→ **EXERCISE GOAL**: Please restate the data below word for word, omitting all images.

→ **MATERIAL PROVIDED**:
>>>
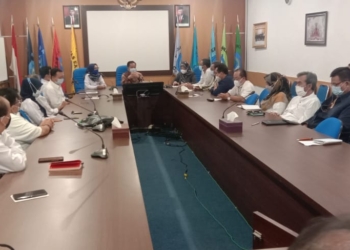 Fasilitasi Mahasiswa Magang, Kadin Kota Cirebon dan UGJ Teken Kerja Sama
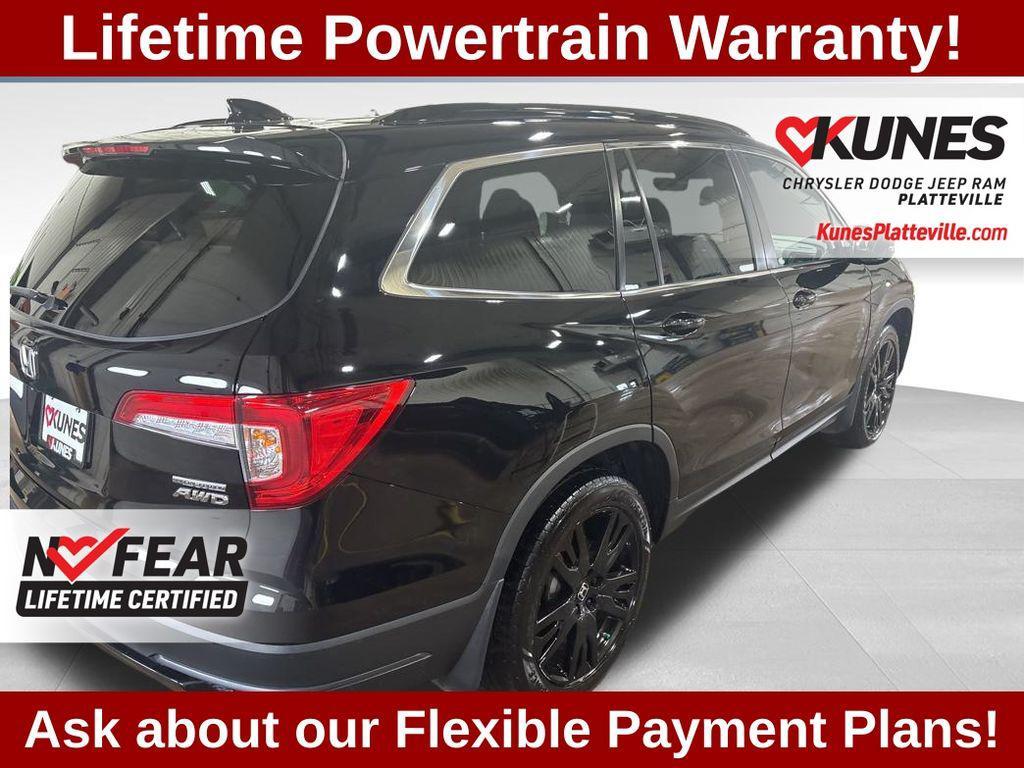 used 2022 Honda Pilot car, priced at $29,977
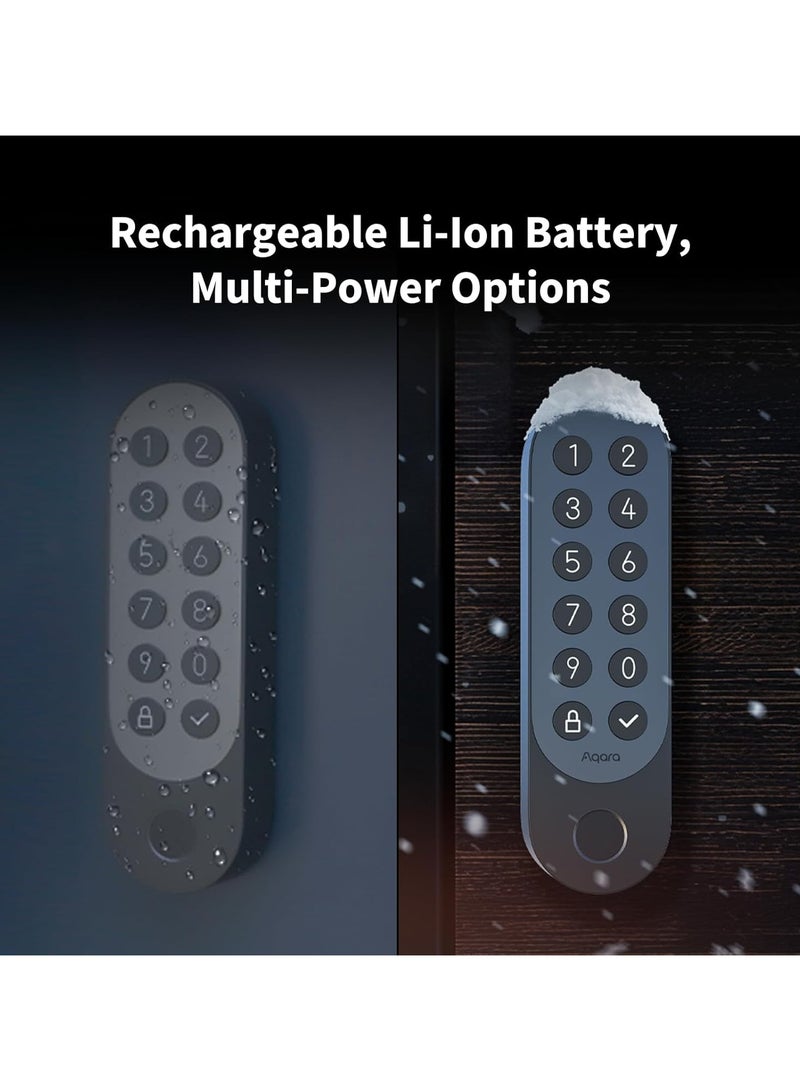 Smart Lock U200 Black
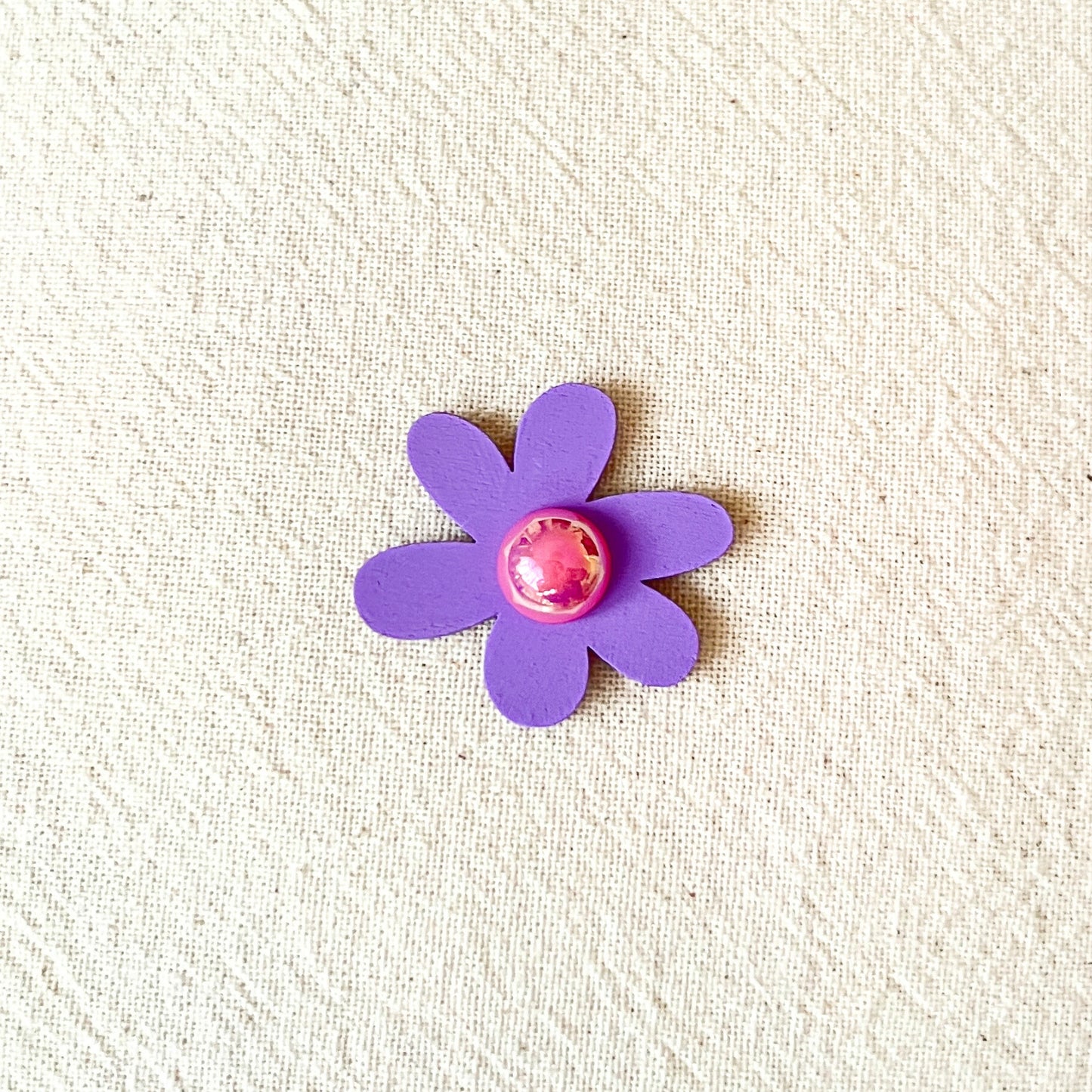 Broche pin's Fleur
<<<
→ **TASK OUTPUT**:
 Fasilitasi Mahasiswa Magang, Kadin Kota Cirebon dan UGJ Teken Kerja Sama
 used 2022 Honda Pilot car, priced at $29,977
 Smart Lock U200 Black
 Broche pin's Fleur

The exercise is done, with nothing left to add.